RatherBeGolfing Posted May 7, 2023 Posted May 7, 2023 The document controls. If the match determination/allocation period is annual or year end, you use full year comp less any exclusions like pre entry etc. I agree that we need more info here, but it sure sounds like 401k and match were effective 1/1 but the employer didn't get their stuff together in time to withhold on the first payroll. If that's the case, the sponsor cannot use its own failure to follow the document to limit the comp used for match. I would also take it a step further than @Paul I. Even without autoenrollment, if 401k and match were effictive 1/1 and the sponsor did not provide an opportunity to defer until February, you have potential MDO and probably owe both match and QNEC for failing to give employees an opportunity to defer in January.
TPApril Posted May 7, 2023 Author Posted May 7, 2023 Paul1, RBG - thank you for your input. Auto enrollment: N/A Match is based on payroll period; plan doc implies that a true-up is optional. If we were to offer this option to them, I would imagine we would continue whatever they choose for the first year - to true up or not to true up - continually. My personal preference is to recommend a true-up as it prevents a penalty of sorts to those who varied their deferral rates, or even reached their maximum during the year and ultimately did not receive a true 3% or max match on their total 401(k) for the year.
RatherBeGolfing Posted May 7, 2023 Posted May 7, 2023 Optional true-up with a determination period that is more frequent than annual? Is this a C3 pre-approved document?
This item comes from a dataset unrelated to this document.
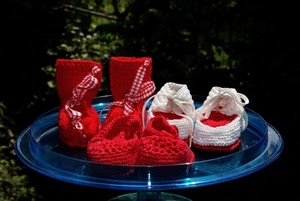 rosso, bianco, scarpette, scarpe, blu, lana, uncinetto, tavolo, nastri, scarpine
Paul I Posted May 8, 2023 Posted May 8, 2023 The plan will not need to make a QNEC for actives if the circumstances described are accurate. The plan could use the 3-month brief exclusion rule or the rolling 3-month rule to avoid the QNEC. Auto-enrollment, if it were the case here (but it is not) would have also allowed an exception to the QNEC. Our C3 pre-approved document says a true-up may be optional if the match determination period is more frequent than annual and the match is funded no more frequently than the match determination period. If the match determination period is more frequent that annual and the match is funded more frequently than the match determination period, then a true-is required. This is buried in the BPD.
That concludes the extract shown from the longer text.